Karabük Kuyumcu soygununda karar açıklandı Karabük’ün Safranbolu ilçesinde bir kuyumcuya silahlı ve maskeli şekilde düzenlenen soyguna ilişkin davada mahkeme karar vererek, sanıklar hakkında ’nitelikli yağma’, ’mala zarar verme’ ve ’ruhsatsız silah bulundurma’ suçlarından ayrı ayrı cezalandırıldı. Karabük 2. Ağır Ceza Mahkemesi’nde görülen 4. celsede karar duruşması görüldü. Mahkemeye tutuklu sanıklar Cemal Çelikay (21), Emre Ünlük (21), Rıza Çelikay (19), Ramazan Karakaş (33) ve Eyüp Emir Eper (20), avukatları ile sanık yakınları katıldı. Mahkeme başkanı soygunu gerçekleştirdikleri iddia edilen sanıklara tek tek son sözlerini sordu. Sanıklardan Cemal Çelikay, "Kendim için değil ailem için bir şans istiyorum. Kimseye zarar vermek istemedim ve silahı bir kez ateşledim.
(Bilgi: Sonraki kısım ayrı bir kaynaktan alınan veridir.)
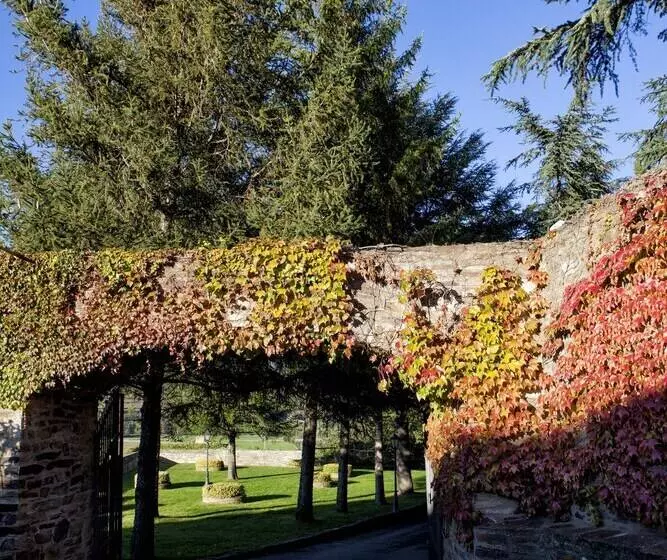 酒店 & Spa El Castell De Ciutat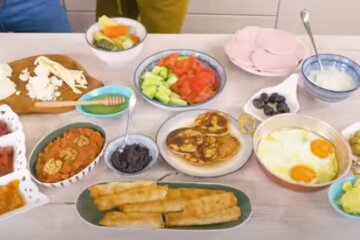 Медики перечислили вредные продукты на завтрак. Фото: скриншот YouTube-видео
Pişmanım ve beraatimi istiyorum" derken, kardeşi Rıza Çelikay ise "Kimseye zarar vermek istemedim, sadece kaçarken kendi elimdeki silah ateş aldı ve yaralandım" diyerek beraatini istedi. Tutuklu sanıklardan Emre Ünlük, nitelikli yağmayı kabul ederek, öldürmeye teşebbüs suçunu kabul etmediğini ve bir anlık gafletle bu suçu işlediklerini, bunu da fakirlikten yaptıklarını ifade ederken, Ramazan Karakaş ise yardım ve yataklık ile gözcülük yapmadığını, üzerine atılı suçlamaları kabul etmeyerek beraatini istedi. Soygun girişimine silah temin eden Eyüp Emir Eper ise silahı satın aldığı için çok pişman olduğunu, askerlik görevini yaparak topluma kazandırılmak istediğinden beraatini talep etti. Sanıkların son sözlerini dinleyen mahkeme heyeti, Cemal Çelikay, Rıza Çelikay ve Emre Enlük’e "Nitelikli Yağma Suçu"ndan 149/1 maddesinin A- B- C ve D bendinden 13 yıl hapis cezası ve ayrıca mala zarar vermeden de 1’er yıl hapis cezası verdi. Ramazan Karakaş ve Eyüp Emir Eper’e de aynı suçtan 13 yıl hapis cezası verirken, iki sanığa indirim uygulayarak 6 yıl 6 ay hapis cezasına çarptırdı. Mahkeme heyeti ayrıca, öldürmeye teşebbüs suçundan ise 3 sanığa ayrı ayrı berat verdi.